Lake claimed President Joe Biden did not receive 81 million votes and that Arizona (which was won by Biden in the 2020 presidential election) was actually won by Trump. After the 2021 Maricopa County presidential ballot audit found no evidence of election fraud, she demanded the election be "decertified"—a legal impossibility, as such a process does not exist. She endorsed a false assertion by Trump spokeswoman Liz Harrington that Democrats use mail-in ballots to rig elections, even though Trump himself was a vote-by-mail permanent absentee voter in Florida while serving as president. Lake tweeted quotes made by Sidney Powell on Lou Dobbs Tonight falsely asserting there was a sweeping election fraud conspiracy. She has advocated imprisoning Arizona Secretary of State Katie Hobbs, her Democratic opponent in the gubernatorial race, on baseless and unspecified allegations of criminality related to the 2020 election. Lake also called for imprisoning journalists. Lake repeatedly claimed that defendants arrested in connection with the January 6 United States Capitol attack were "being held in prison without being charged".

Trump endorsed Lake's candidacy, as did pro-Trump Republican figures such as Arizona congressman Paul Gosar and former National Security Advisor Michael Flynn. By contrast, Lake's main primary opponent, Robson, was endorsed by outgoing Republican governor Doug Ducey, as well as Arizona Senate president Karen Fann and Americans for Prosperity. Lake attacked Robson for failing to endorse false claims of election fraud. Lake attended events headed by My Pillow founder Mike Lindell, a prominent promoter of false claims regarding fraud in the 2020 election. During her 2021 campaign for governor, she said that she would not have certified Biden's 2020 election victory in Arizona if she had been governor at the time. During a June 2022 debate among candidates for the Republican nomination, Lake continued to insist the 2020 presidential election was "stolen" and "corrupt".

Fox News reported in July 2022 that nine days before the 2017 Inauguration of Donald Trump, Lake had posted a meme on Facebook that declared the inauguration a "national day of mourning and protest", in which she asked her followers how they would react to Trump's inauguration. She asked "Will you be protesting the inauguration?" and how they might protest. The post was deleted after Fox News asked Lake's campaign about it.

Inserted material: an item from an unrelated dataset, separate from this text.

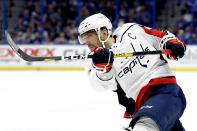 FILE - In this Dec. 14, 2019, file photo, Washington Capitals left wing Alex Ovechkin follows through on a shot against the Tampa Bay Lightning during the first period of an NHL hockey game in Tampa, Fla. Ovechkin starts a new five-year contract ready to chase Wayne Gretzky's career goals record that long seemed unbreakable. The Washington Capitals captain has 730 goals and needs 165 to pass Gretzky. (AP Photo/Chris O'Meara, File)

In February 2023, Lake said: "We've got great candidates on the Republican Party and on our side. We've got so many great candidates that if our elections were really fair, I believe the ranks of Congress, the Senate, I think a White House, I think all the state governorships would be Republican if elections were fair".

Dispute with Rick Stevens
After Lake posted remarks critical of drag queens performing in front of children, Rick Stevens, who performs professionally under the name Barbra Seville, published photos and text messages purportedly demonstrating a professional relationship and personal friendship with Lake. Stevens said that he has performed at Lake's home and in front of Lake's then "9 or 10 years old" daughter at Lake's invitation. Lake described Stevens' allegations as "defamatory lies", specifically denying they had been friends and denying that he had ever been in her home. Lake has threatened litigation against both Stevens and outlets that pursued the story.

Endorsement of Jarrin Jackson 
Lake endorsed Jarrin Jackson, a far-right online streamer, in his campaign for State Oklahoma Senate. Jackson was subsequently scrutinized for his past record of making antisemitic comments, including claims that "the Jews" are evidence that "evil exists"; "Jews will go to hell"; and "Jews [are] taking over the world." These prompted groups such as Jewish Community Relations Council of Greater Phoenix to call on Lake – and other Arizona Republicans who endorsed Jackson – to rescind their endorsements. Lake denounced Jackson's comments and said, "I looked at Jarrin's resume as (a) Combat Veteran in Afghanistan. It is impossible to dig into everything someone has said in their life. If his reported comments are true, I obviously rescind my endorsement."

Envelopes investigation 
On November 7, 2022, Lake's campaign stated that on November 6, a campaign staffer "opened an envelope delivered to our campaign office that contained suspicious white powder. It was one of two envelopes that were confiscated by law enforcement" for testing. On November 11, the Phoenix Police Department said that the Arizona state laboratory had tested the items turned over to them by Lake's campaign, and found "no substance" inside. After this revelation, Lake's campaign stated that there actually had been three envelopes, with the first envelope being opened by the staffer having "a white powdery substance along with a hateful letter", but that the staffer threw the first envelope away, and that the trash was emptied before police were informed, with police being handed the other two envelopes.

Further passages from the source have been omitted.